▶ Materials provided:
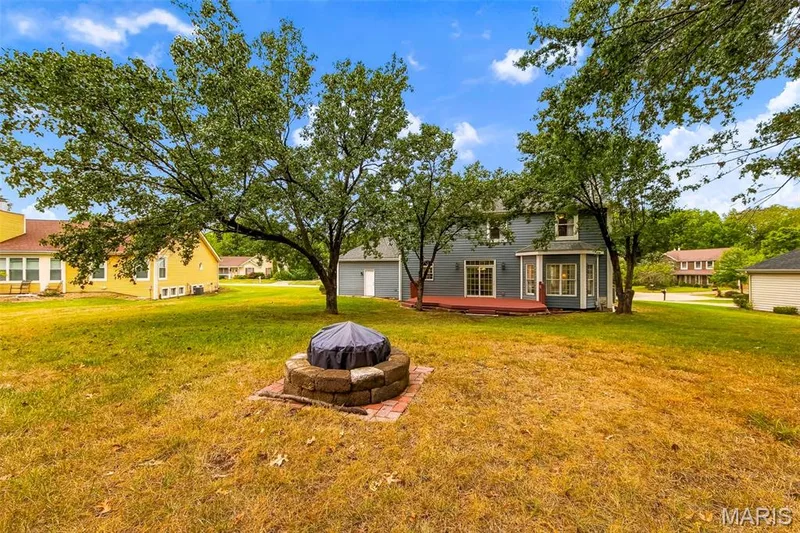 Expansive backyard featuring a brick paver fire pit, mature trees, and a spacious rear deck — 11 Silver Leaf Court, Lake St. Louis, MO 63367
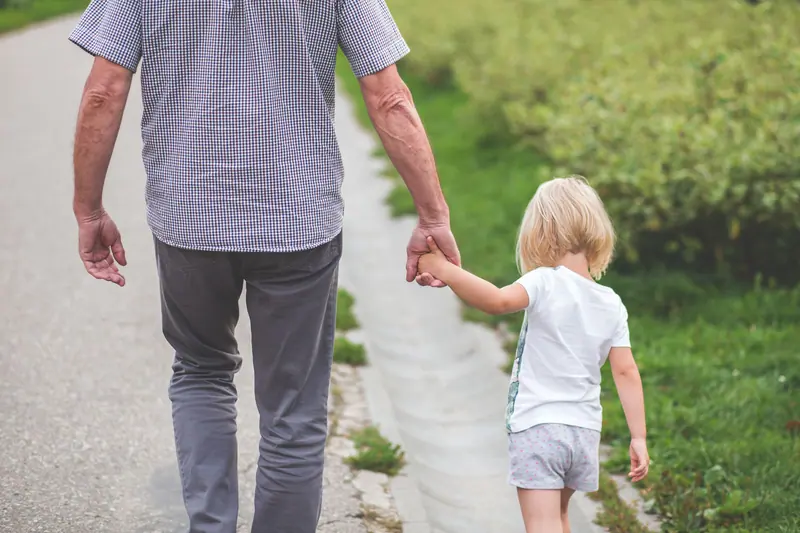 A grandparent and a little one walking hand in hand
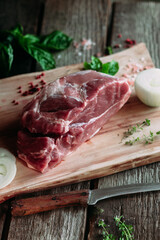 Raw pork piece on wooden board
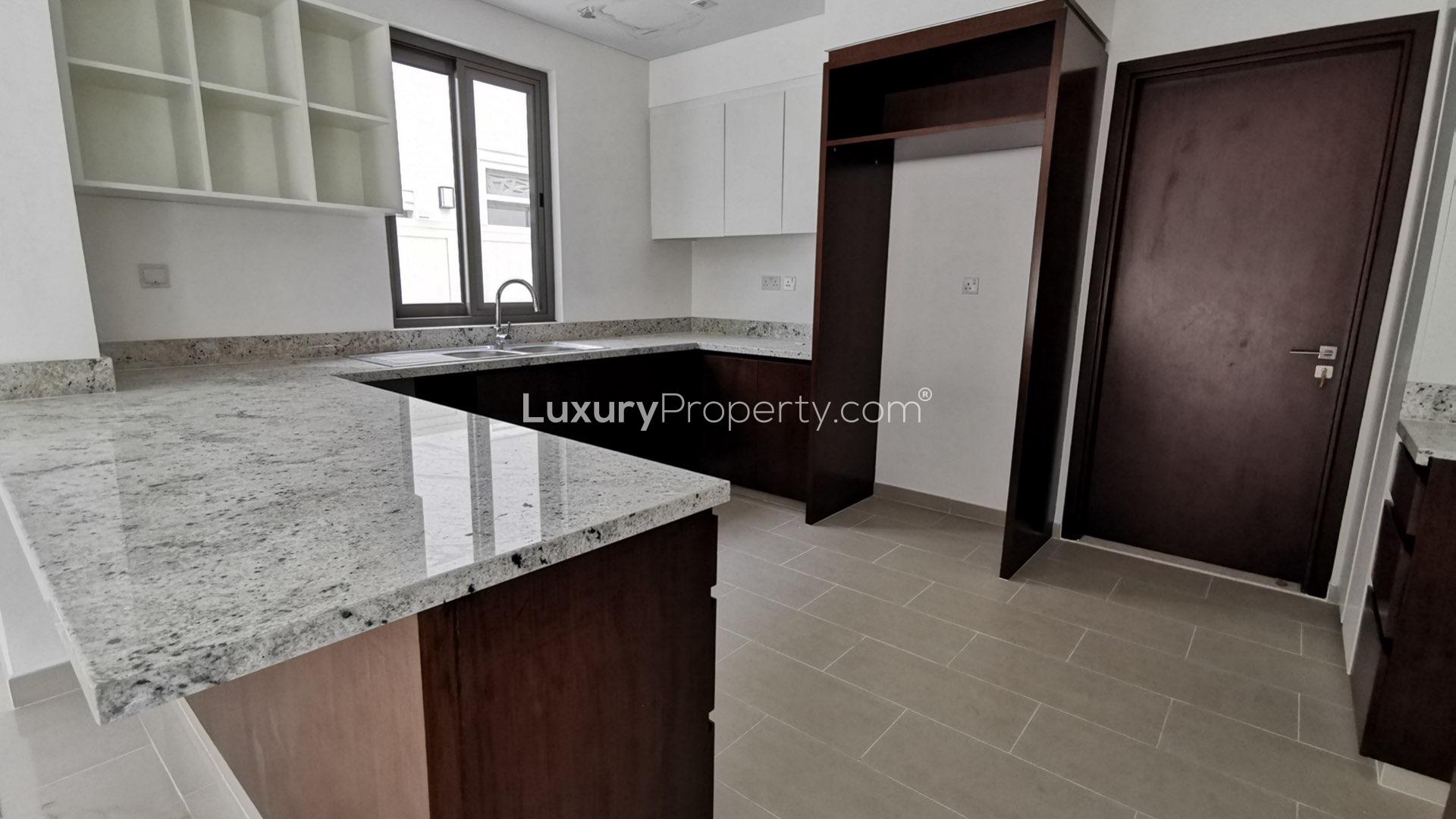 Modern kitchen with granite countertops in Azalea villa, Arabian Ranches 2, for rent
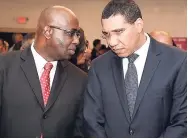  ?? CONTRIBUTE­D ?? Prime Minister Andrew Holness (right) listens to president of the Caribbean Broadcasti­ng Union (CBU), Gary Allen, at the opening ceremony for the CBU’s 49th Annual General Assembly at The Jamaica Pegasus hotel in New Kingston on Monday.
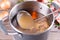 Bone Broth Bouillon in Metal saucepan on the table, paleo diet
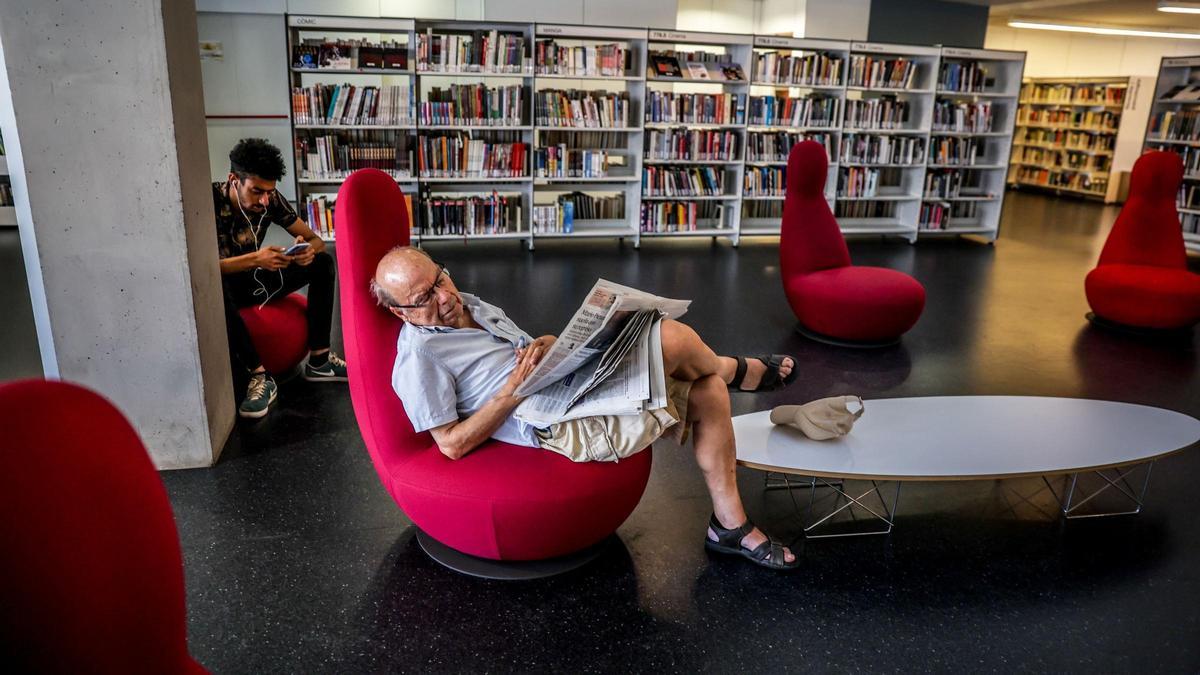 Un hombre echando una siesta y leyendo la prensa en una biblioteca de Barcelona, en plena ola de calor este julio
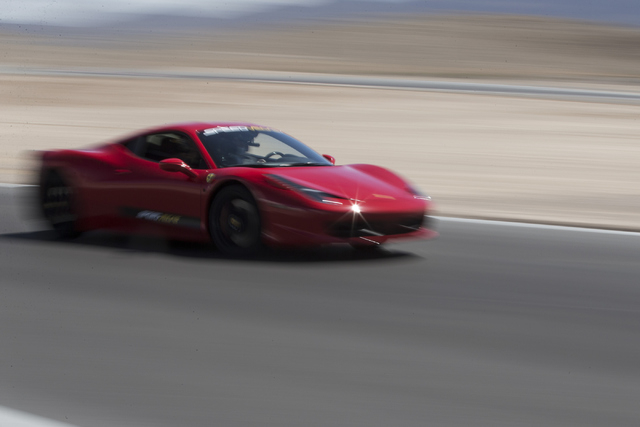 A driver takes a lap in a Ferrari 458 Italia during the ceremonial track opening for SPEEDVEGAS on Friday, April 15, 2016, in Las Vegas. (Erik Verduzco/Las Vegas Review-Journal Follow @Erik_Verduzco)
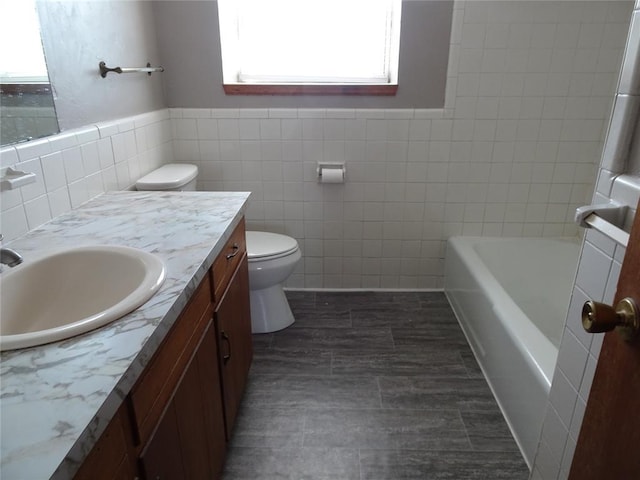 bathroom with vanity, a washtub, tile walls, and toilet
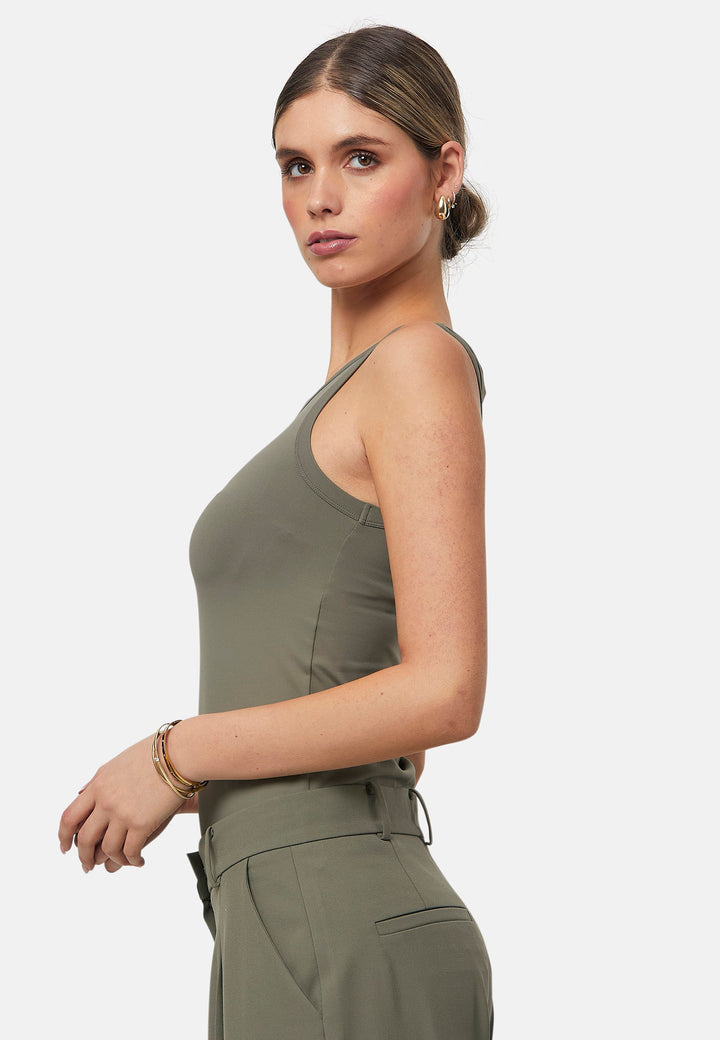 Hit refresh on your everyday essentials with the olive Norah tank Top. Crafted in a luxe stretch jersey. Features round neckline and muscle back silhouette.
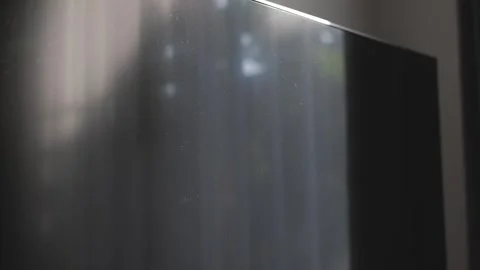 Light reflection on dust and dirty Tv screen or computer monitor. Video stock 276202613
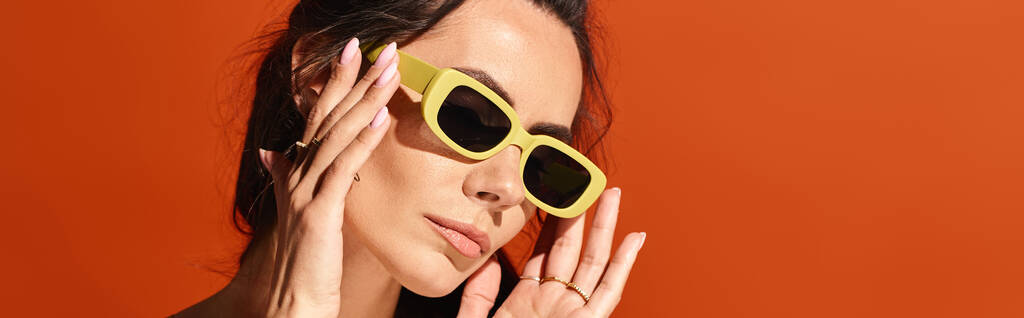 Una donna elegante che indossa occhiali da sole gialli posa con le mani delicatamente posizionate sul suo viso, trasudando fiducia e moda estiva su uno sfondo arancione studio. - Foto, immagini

▶ What is being asked:
Repeat all of the entries above exactly. Keep pictures out of it.

▶ Solution:
 Expansive backyard featuring a brick paver fire pit, mature trees, and a spacious rear deck — 11 Silver Leaf Court, Lake St. Louis, MO 63367
 A grandparent and a little one walking hand in hand
 Raw pork piece on wooden board
 Modern kitchen with granite countertops in Azalea villa, Arabian Ranches 2, for rent
  ?? CONTRIBUTE­D ?? Prime Minister Andrew Holness (right) listens to president of the Caribbean Broadcasti­ng Union (CBU), Gary Allen, at the opening ceremony for the CBU’s 49th Annual General Assembly at The Jamaica Pegasus hotel in New Kingston on Monday.
 Bone Broth Bouillon in Metal saucepan on the table, paleo diet
 Un hombre echando una siesta y leyendo la prensa en una biblioteca de Barcelona, en plena ola de calor este julio
 A driver takes a lap in a Ferrari 458 Italia during the ceremonial track opening for SPEEDVEGAS on Friday, April 15, 2016, in Las Vegas. (Erik Verduzco/Las Vegas Review-Journal Follow @Erik_Verduzco)
 bathroom with vanity, a washtub, tile walls, and toilet
 Hit refresh on your everyday essentials with the olive Norah tank Top. Crafted in a luxe stretch jersey. Features round neckline and muscle back silhouette.
 Light reflection on dust and dirty Tv screen or computer monitor. Video stock 276202613
 Una donna elegante che indossa occhiali da sole gialli posa con le mani delicatamente posizionate sul suo viso, trasudando fiducia e moda estiva su uno sfondo arancione studio. - Foto, immagini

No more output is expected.